------ GIVEN DATA
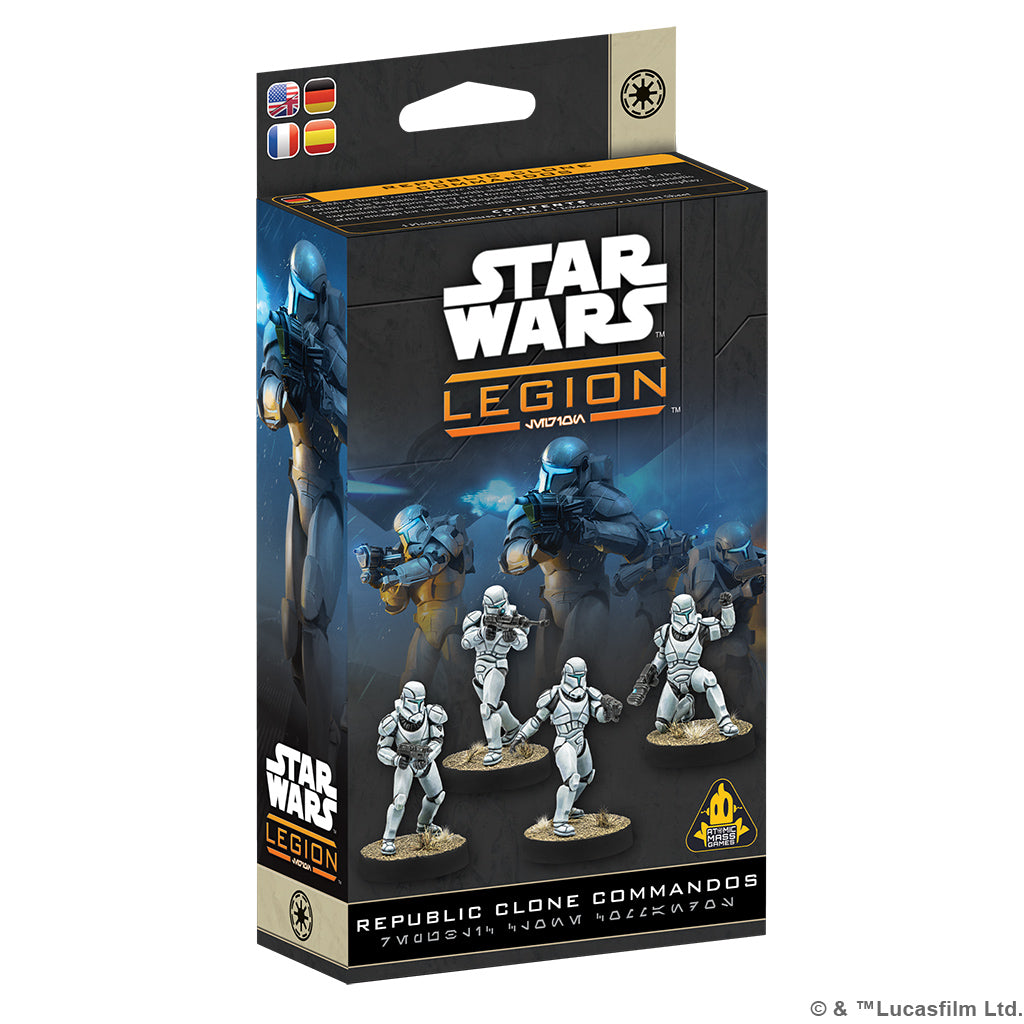SW Legion Republic Clone Commandos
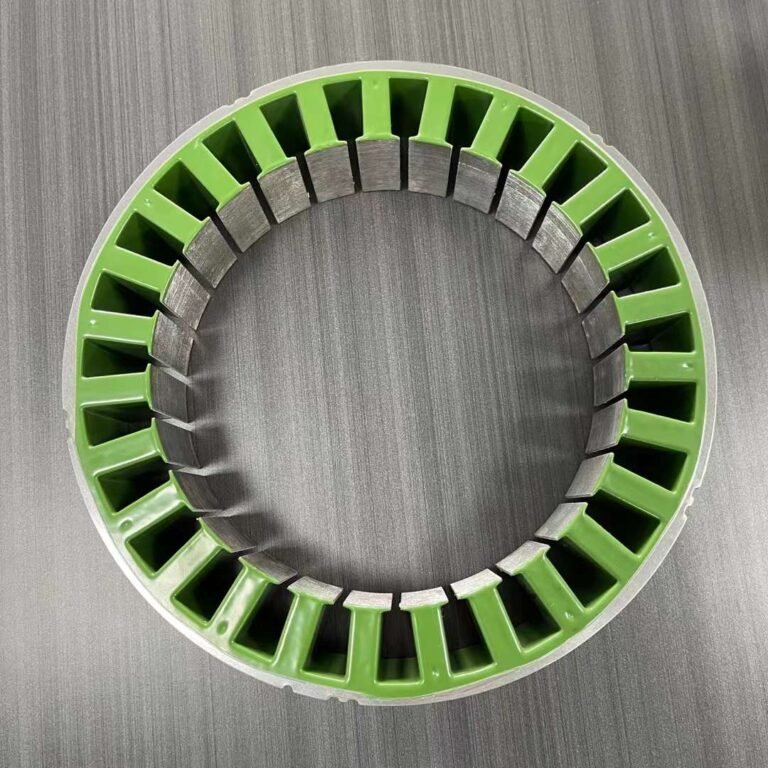 Vacuz 大型 BLDC 定子全自動無刷內線圈馬達繞針機出貨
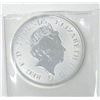 Image 2 : 1 Oz. 2021 .9999 Fine Silver UK Valiant Coin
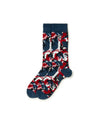 Moonface camo socks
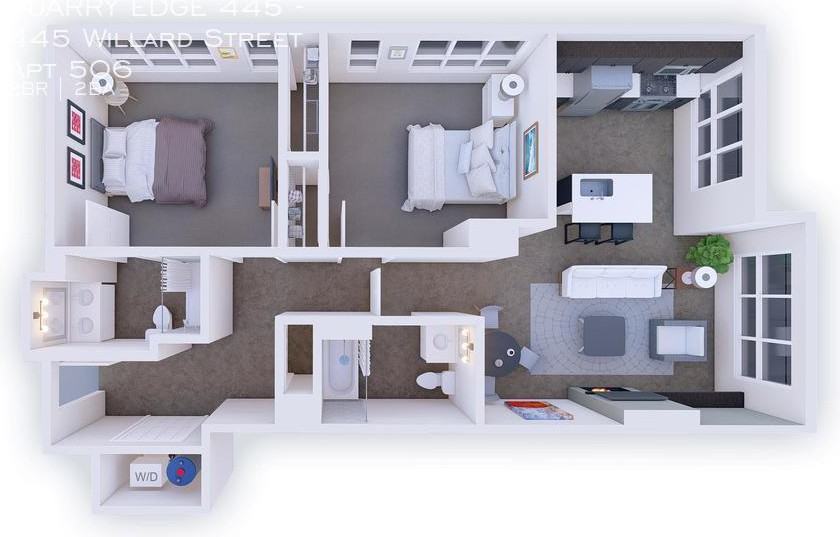 445 Quarry Edge 445 - 445 Willard Street Apt #506 - Photo 2 of 3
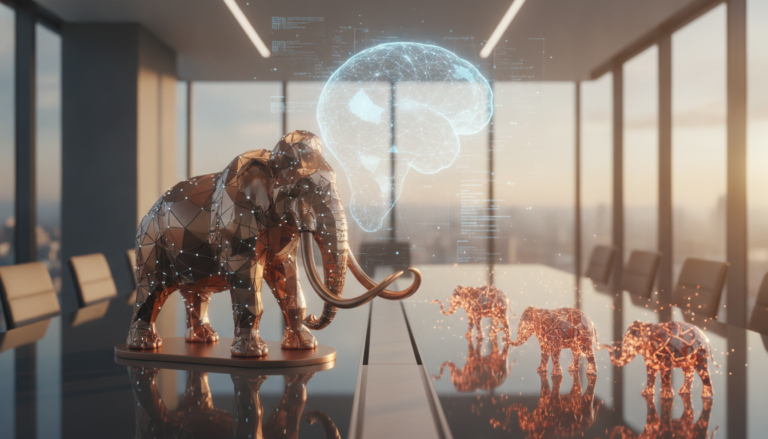 découvrez comment mammouth.ai aborde les défis et opportunités liés à l'intelligence artificielle à grande échelle, en explorant ses impacts technologiques, économiques et éthiques.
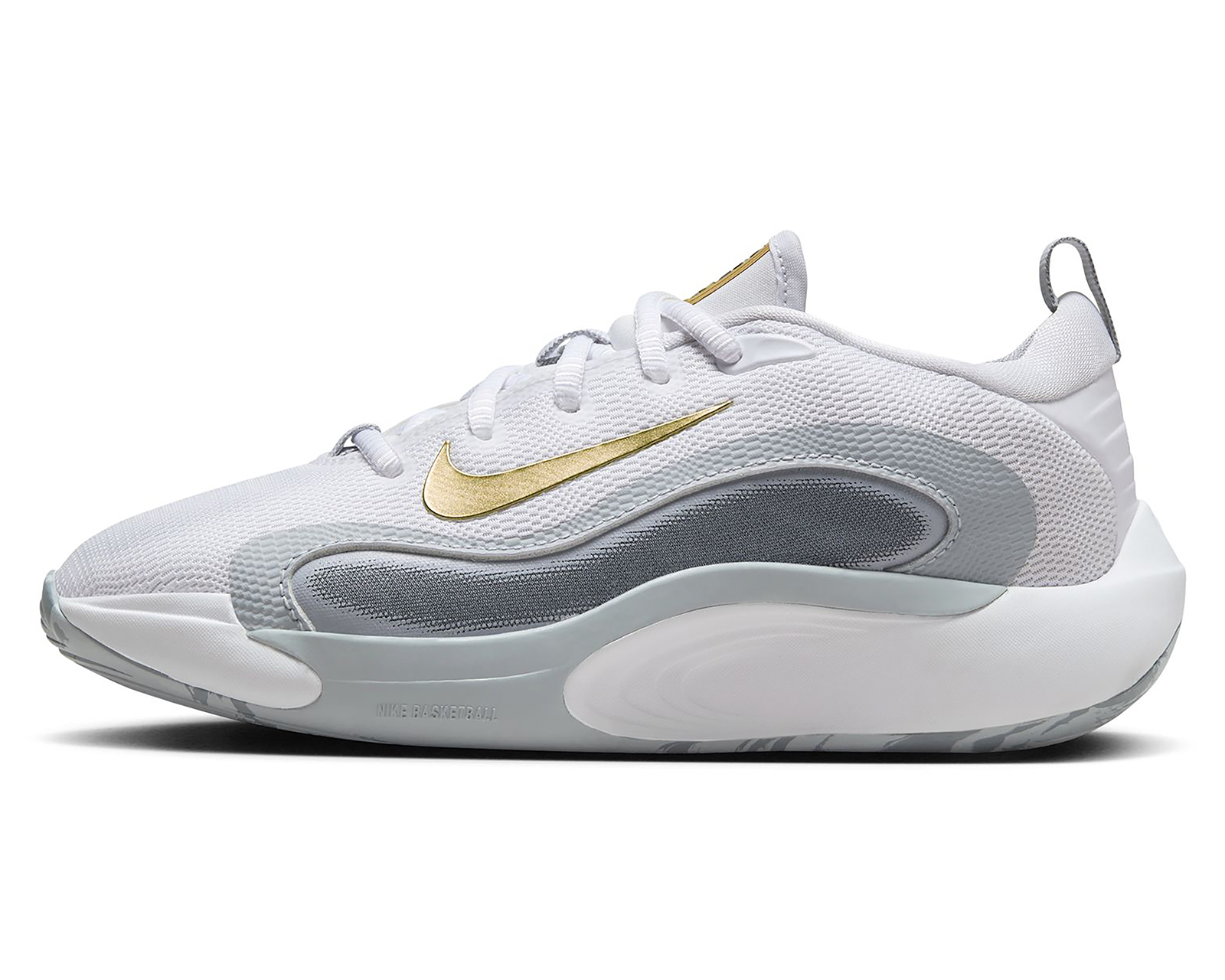 Foto 3 | Foto 3 | Tenis para Basquetbol Nike Isofly GS Juveniles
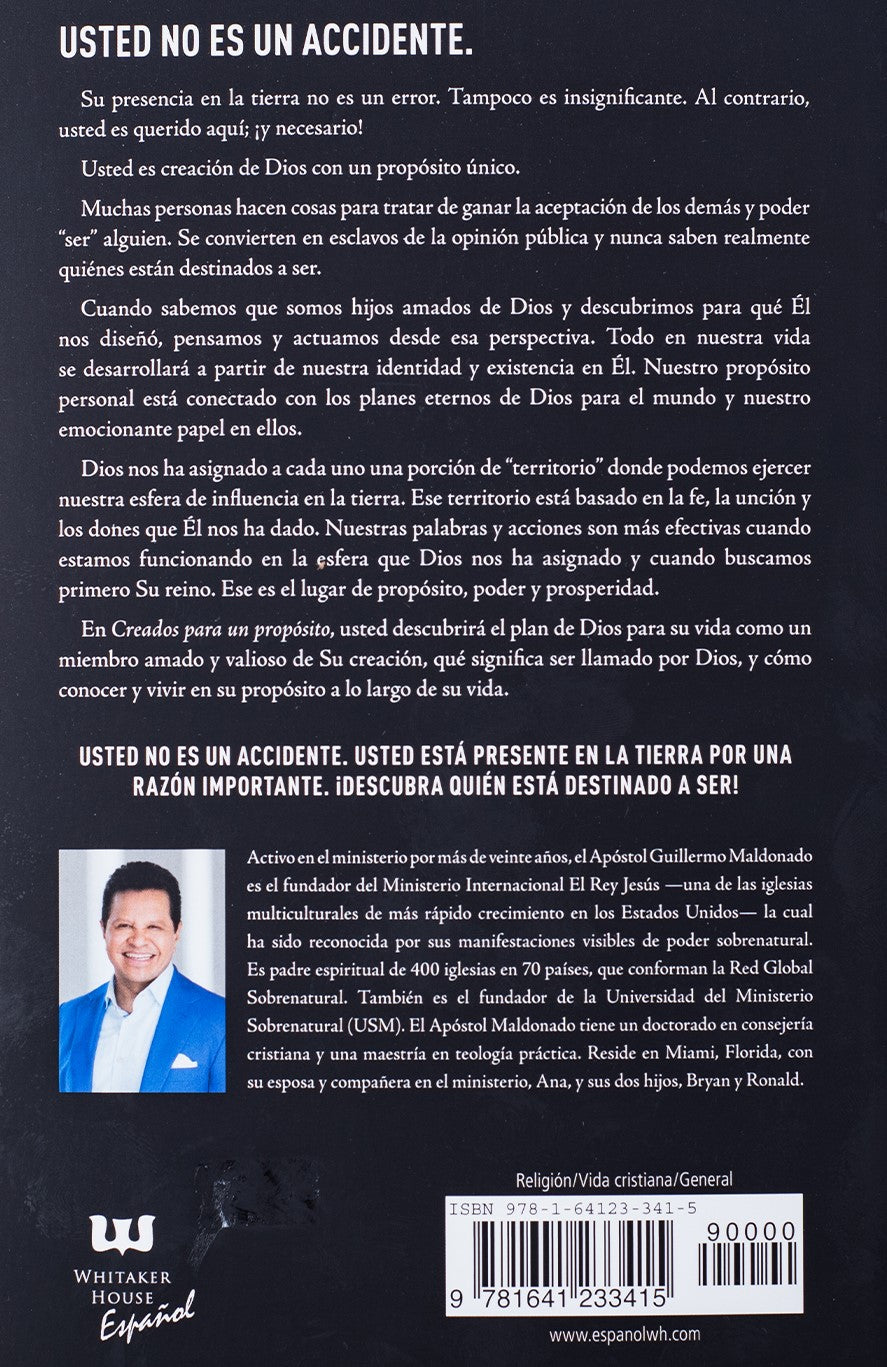 Creador Por Un Proposito - Libro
------------
# ASSIGNMENT
Make an exact copy of the listing above. Its pictures are not needed.

# RESULT OF THE EXERCISE
SW Legion Republic Clone Commandos
 Vacuz 大型 BLDC 定子全自動無刷內線圈馬達繞針機出貨
 Image 2 : 1 Oz. 2021 .9999 Fine Silver UK Valiant Coin
 Moonface camo socks
 445 Quarry Edge 445 - 445 Willard Street Apt #506 - Photo 2 of 3
 découvrez comment mammouth.ai aborde les défis et opportunités liés à l'intelligence artificielle à grande échelle, en explorant ses impacts technologiques, économiques et éthiques.
 Foto 3 | Foto 3 | Tenis para Basquetbol Nike Isofly GS Juveniles
 Creador Por Un Proposito - Libro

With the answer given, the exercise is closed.